Working through a portfolio makeover with a new client.

Bertram Johnson III, despite his elegant moniker, is related to neither the yacht nor the marine engine dynasties with whom he shares, alas, only a name. No scion of privilege, Bert managed a one-location Chevy dealer in a small New Jersey township for nearly 40 years. Over those years, while supporting a family of three children, he was able to faithfully squirrel away money in tax-deferred accounts that, as he proudly (though inaccurately) related to me on the eve of his retirement, now amount to a half million dollars.

About five years ago, Bert's wife, Hilda, inherited some stocks from her mother's estate which, when added to their collection of mutual funds purveyed by an assortment of friends and relatives over four decades, now constitute a taxable portfolio worth about $300,000.

That is where we begin the saga of reshaping Bert and Hilda's eclectic nest egg into a professionally diversified portfolio that they can confidently expect will support their modest lifestyle for perhaps 30 or 40 years and provide a cushion for emergencies.

Routine Assignment, Right?

I am a retirement investment specialist, so this should be duck soup, right? Having determined with the Johnsons the amount of money they will need to withdraw each month, and having worked out their long-term cash flow model replete with assumptions for inflation, investment returns and contingencies, I will mentally begin with $800,000 of cash, start crafting the appropriate mix of asset classes and work my way down to the individual securities selections. No problem, right? Well, maybe in a theoretical universe, but not in the world of real people.

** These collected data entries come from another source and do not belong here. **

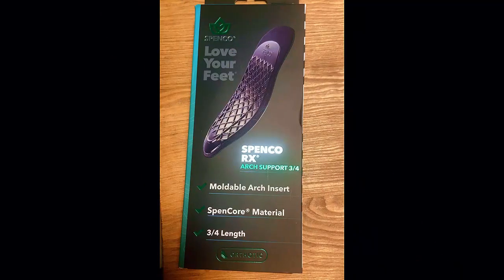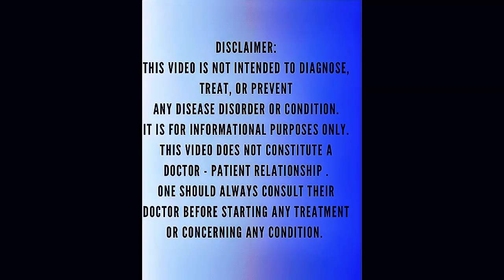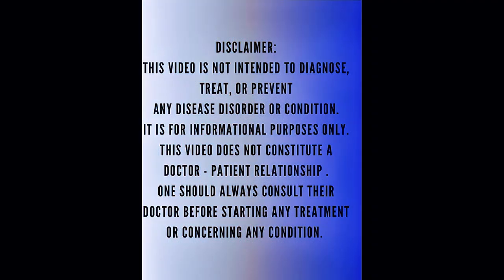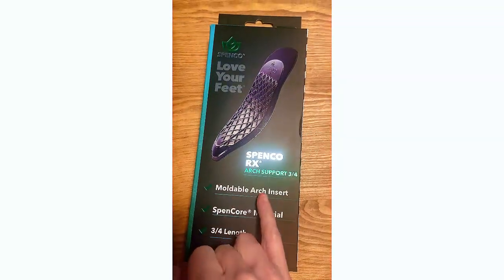Hey everybody, it's Dr. Gaffney from Dr. Gaffney Best Foot. We're going to learn how to mold our Spanko orthotics. This video does not intend to diagnose, treat, or prevent any disease or disorder, and it's not intended to be a doctor-patient relationship, so please consult your doctor.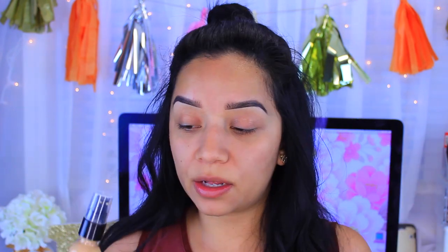For the face I'm going to be mixing two foundations: the L'Oreal Infallible Pro Matte and the L'Oreal True Match. The matte will keep me matte but the True Match will give me a glow at the same time. I'm going to take a tiny bit of the matte foundation and apply it to the places where I get oily — right in through here.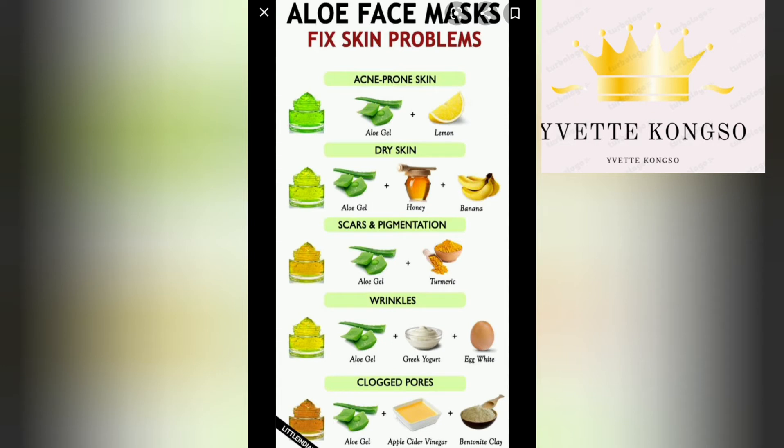The second skin problem would be dry skin. If you experience dry skin, you'll be needing honey, banana, and aloe vera gel. Blend the banana to have a smooth paste, then take a tablespoon of the blended banana, a tablespoon of honey, and a tablespoon of aloe vera gel. Mix all of this together and then mask your face with it. Let it stay for about 20 to 30 minutes, then wash it off with warm water.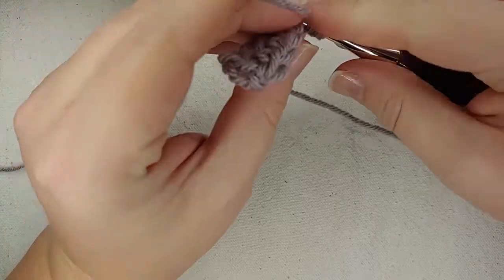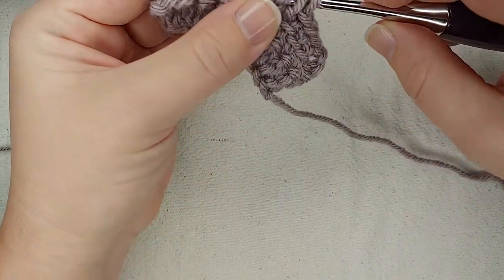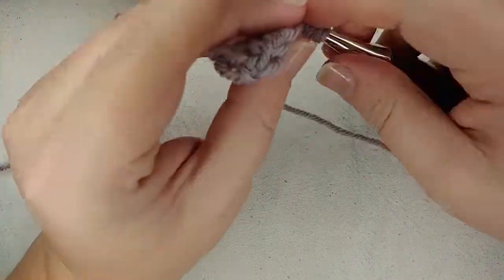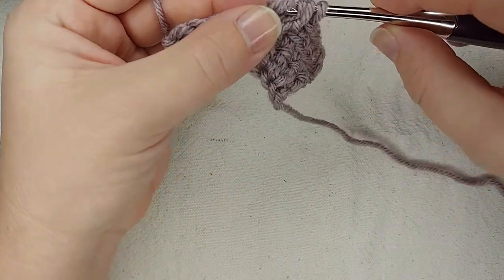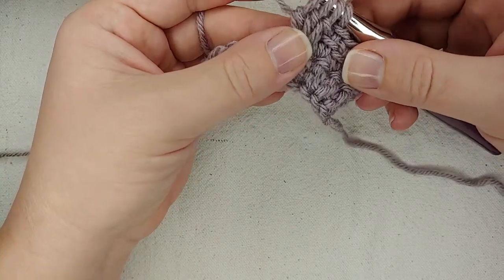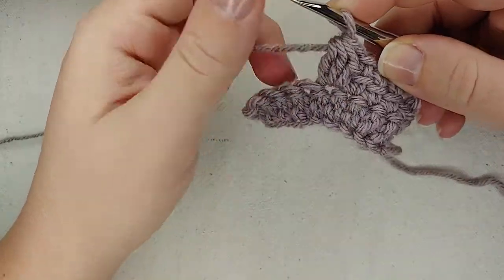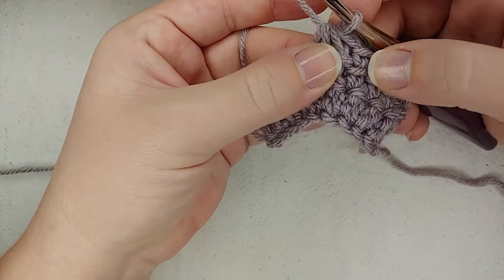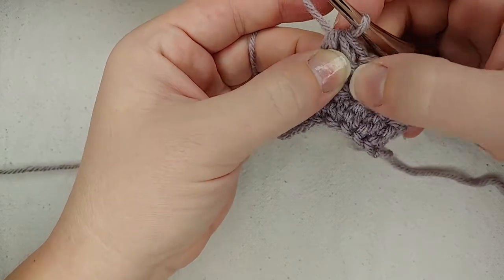Then I'm going to continue as normal with the cluster. Yarn over, insert, yarn over, pull through, pull through two — one more. I'm doing a triple cluster: yarn over, insert into the same stitch, yarn over, pull through, yarn over, pull through two — standard cluster stitch from that point — and then I'm going to yarn over, pull through all four. What that did is link the beginning of this cluster to that last stitch, so those are together now and you don't have a big gap in between.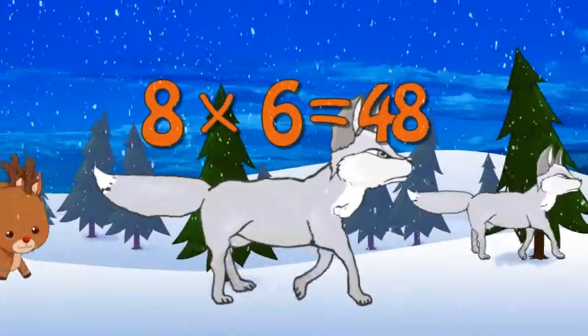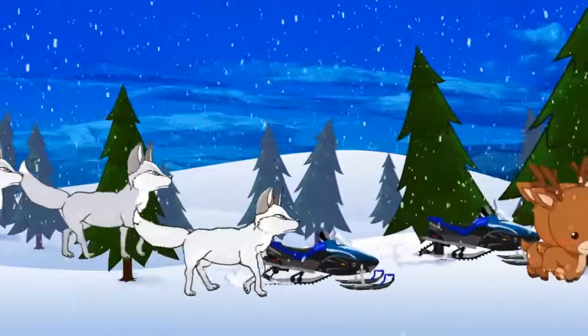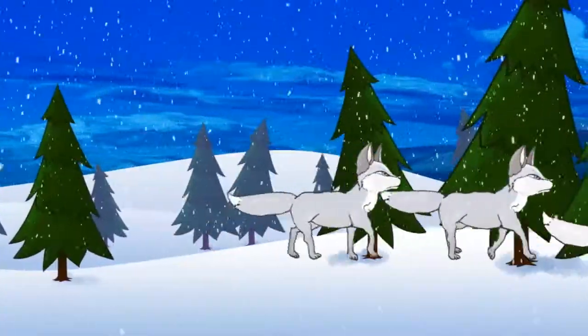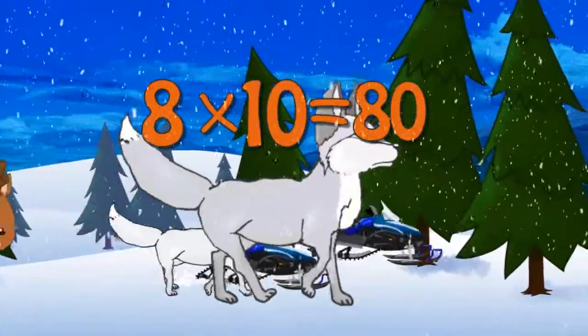8 x 6 is 48. 8 x 7 is 56. 8 x 8 is 64. 8 x 9 is 72. 8 x 10 is 80.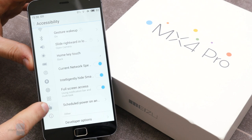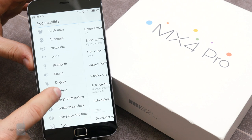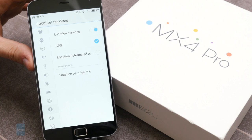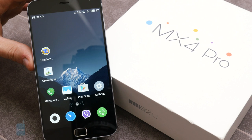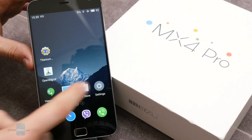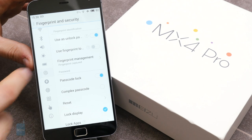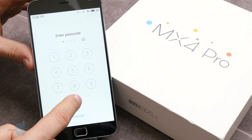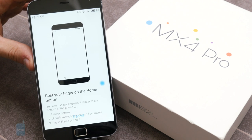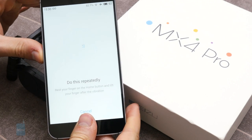We're also happy to find the Google Play Store pre-installed on the MX4 Pro. Even though you don't have the usual suite of Google apps on board, you can easily download them via the Play Store. One of the highlights of the MX4 Pro is its M-Touch fingerprint scanner built right into the home key. It can unlock the phone and be used for purchases with a Flyme account, though those are limited to Chinese content only. The good news is that it is very quick and accurate — no swiping required, just tap the home key to unlock. You can register up to 10 fingerprints.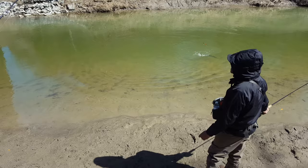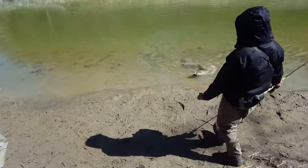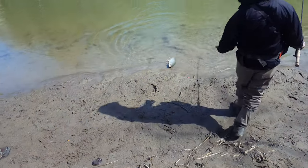Man, you know I used that rod for sand. Oh, wow. It's a little buck.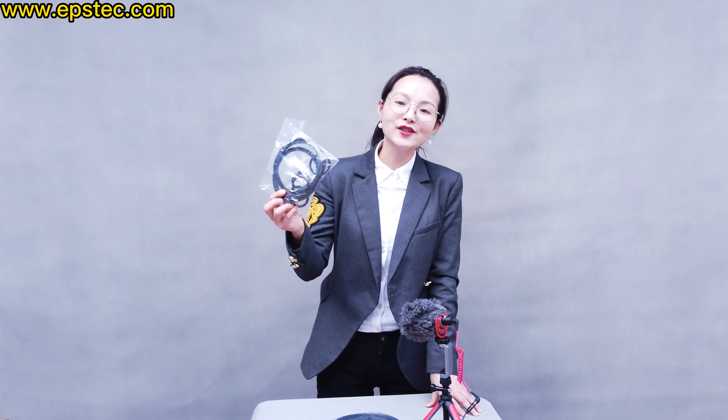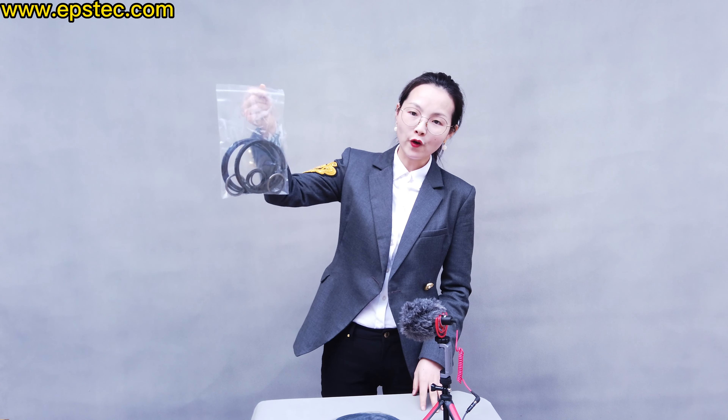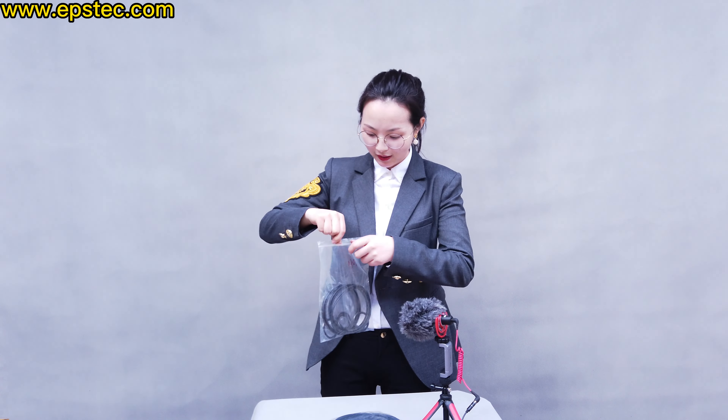Hi everyone. In this short video, let me show you the seal rings for EPS pre-expanding machine discharge door cylinder — that's too long, right? It's also very long for me. Anyway, let me show you what we have. First of all, it's a whole package — let me see what we have inside.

Any advisor who has done even a few portfolio makeovers has almost certainly learned from experience that it's not as simple as liquidating all of your client's holdings and starting over with a list of investments to your professional liking. But isn't that what they are hiring me to do, you might object? Well, yes and no.

Except in relatively rare cases (lawsuit settlements, insurance proceeds and cash inheritances) the advisor is usually presented a collection of existing investments, each of which arrives with some baggage: financial and emotional characteristics that will need to be considered before changes are suggested. Here are a few examples.

When we recommend mutual funds in my firm, we always use no-load funds. But often we are called upon to redesign a portfolio that already includes investments that are exposed to surrender charges, such as "B" shares or annuities. We not only must make a professional decision about whether or not it makes sense to incur the charge in favor of what we consider a more appropriate investment, but also be prepared to articulate our judgment for a client who may be convinced that it is always best to wait out the surrender charge period.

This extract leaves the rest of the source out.